# PROBLEM REQUIREMENTS
Repeat the entries exactly, and do not carry the pictures over.

-------

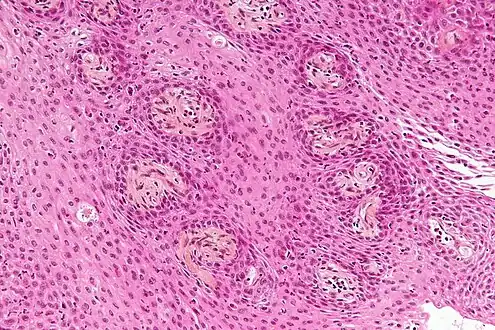 Micrograph showing a papillary craniopharyngioma, HPS stain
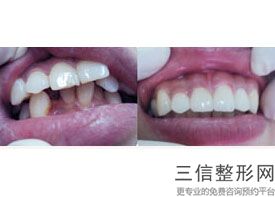 上海口腔医院牙齿矫正排名榜前六名单出炉,上海牙齿矫正正规医院排名
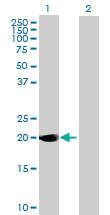 Anti-DUSP14 Mouse Polyclonal Antibody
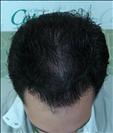 FUE transplant - 2,000 grafts - Clinica CETA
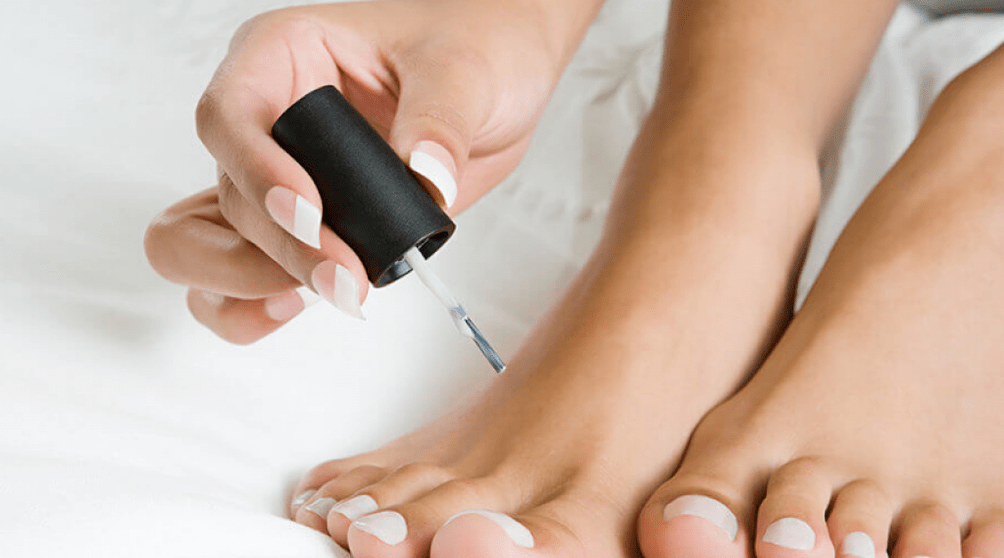 Behandlung von Pilzen am Daumen mit Nagellack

-------

# RESPONSE FOR THIS EXERCISE
 Micrograph showing a papillary craniopharyngioma, HPS stain
 上海口腔医院牙齿矫正排名榜前六名单出炉,上海牙齿矫正正规医院排名
 Anti-DUSP14 Mouse Polyclonal Antibody
 FUE transplant - 2,000 grafts - Clinica CETA
 Behandlung von Pilzen am Daumen mit Nagellack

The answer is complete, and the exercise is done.